You can find a more fulsome exploration of all this in Oliver O’Donovan’s book, Resurrection and Moral Order. Here’s a taster:

The foundations of Christian ethics must be evangelical foundations; or to put it more simply, Christian ethics must arise from the gospel of Jesus Christ. Otherwise it would not be Christian ethics. … [But if we separate faith and morality,] we become either moralists or antinomians. By ‘moralism’ we mean the holding of moral convictions unevangelically, so that they are no longer part of the Christian good news, and can, therefore, have the effect only of qualifying it … as a ‘ministry of condemnation,’ or as a rule which is supposed to govern an area of life which Christ has not touched or transformed. By ‘antinomianism’ we mean the holding of the Christian faith in a way that expresses disregard, or insufficient regard, for moral questions. Once it is decided that morality is not part of the good news the Christians welcome and proclaim, believers will have to choose between being thoroughly evangelical and ignoring it, and respecting it at the cost of being only half evangelical. A belief in Christian ethics is a belief that certain ethical and moral judgements belong to the gospel itself; a belief, in other words, that the church can be committed to ethics without moderating the tone of its voice as a bearer of glad tidings.

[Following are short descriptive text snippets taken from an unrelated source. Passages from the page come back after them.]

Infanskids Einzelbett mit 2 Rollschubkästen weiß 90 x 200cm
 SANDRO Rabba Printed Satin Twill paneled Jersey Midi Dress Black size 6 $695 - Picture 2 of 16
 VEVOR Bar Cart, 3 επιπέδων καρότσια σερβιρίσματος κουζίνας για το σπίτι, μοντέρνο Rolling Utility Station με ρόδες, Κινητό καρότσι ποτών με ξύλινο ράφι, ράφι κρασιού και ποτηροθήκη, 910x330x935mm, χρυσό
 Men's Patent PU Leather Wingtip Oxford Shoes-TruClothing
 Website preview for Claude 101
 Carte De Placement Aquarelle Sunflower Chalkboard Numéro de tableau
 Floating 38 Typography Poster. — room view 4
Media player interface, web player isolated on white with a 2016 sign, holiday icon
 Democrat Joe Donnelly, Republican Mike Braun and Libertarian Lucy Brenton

from Resurrection and Moral Order, p11.

Posted by Rick Creighton

The next item in this series (‘From ethics to the gospel’) will be posted on Monday, 10th Nov, 2008.

1 Law and Gospel: i.e. the Lutheran distinction between the doctrines of Law, which demands obedience to God’s ethical will, and Gospel, which promises the forgiveness of sins in light of the person and work of Jesus Christ. For more info: Wikipedia: Law and Gospel article.